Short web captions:

╭──

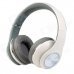 OYK OK-8808 3.5mm Wired Stereo Headband Headphone w/ Microphone - White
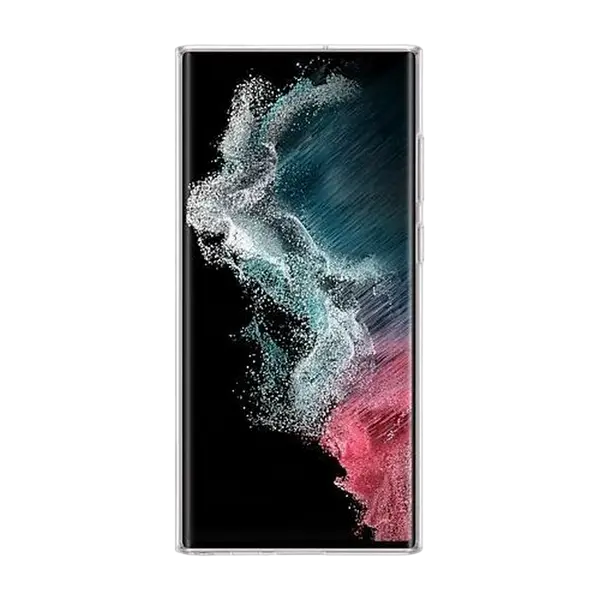 Чехол Samsung Clear Cover for Galaxy S22 Ultra, Прозрачный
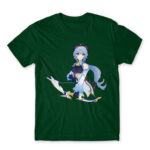 Genshin Impact – Ganyu Bottle Green Men's Tee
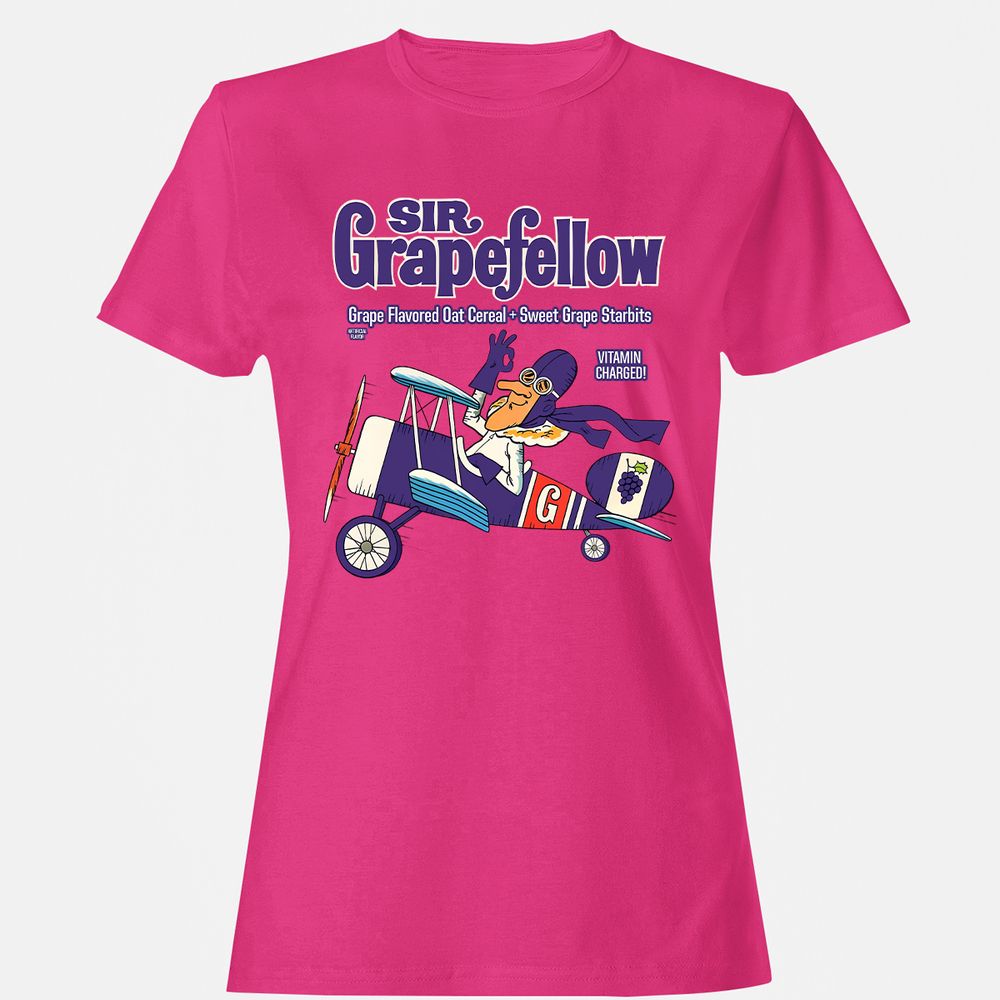Women's T-Shirt - 5W8VCFRE - Heliconia - 6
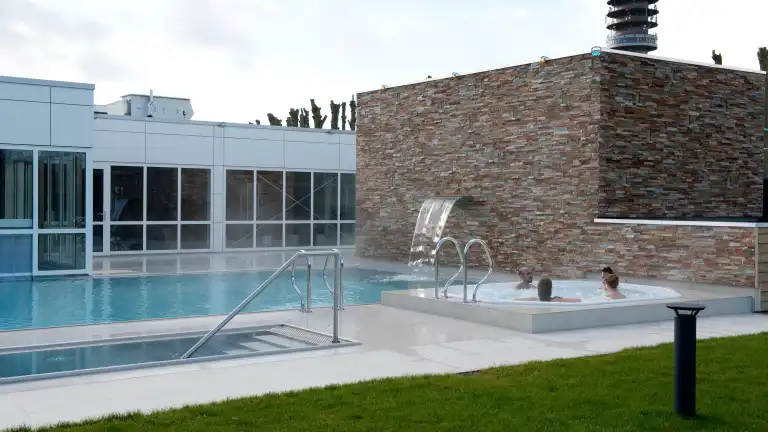 Wellness und Unterkunft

╰──

> _Exercise description_
Transcribe all records verbatim, no pictures.

> _Response_
 OYK OK-8808 3.5mm Wired Stereo Headband Headphone w/ Microphone - White
 Чехол Samsung Clear Cover for Galaxy S22 Ultra, Прозрачный
 Genshin Impact – Ganyu Bottle Green Men's Tee
Women's T-Shirt - 5W8VCFRE - Heliconia - 6
 Wellness und Unterkunft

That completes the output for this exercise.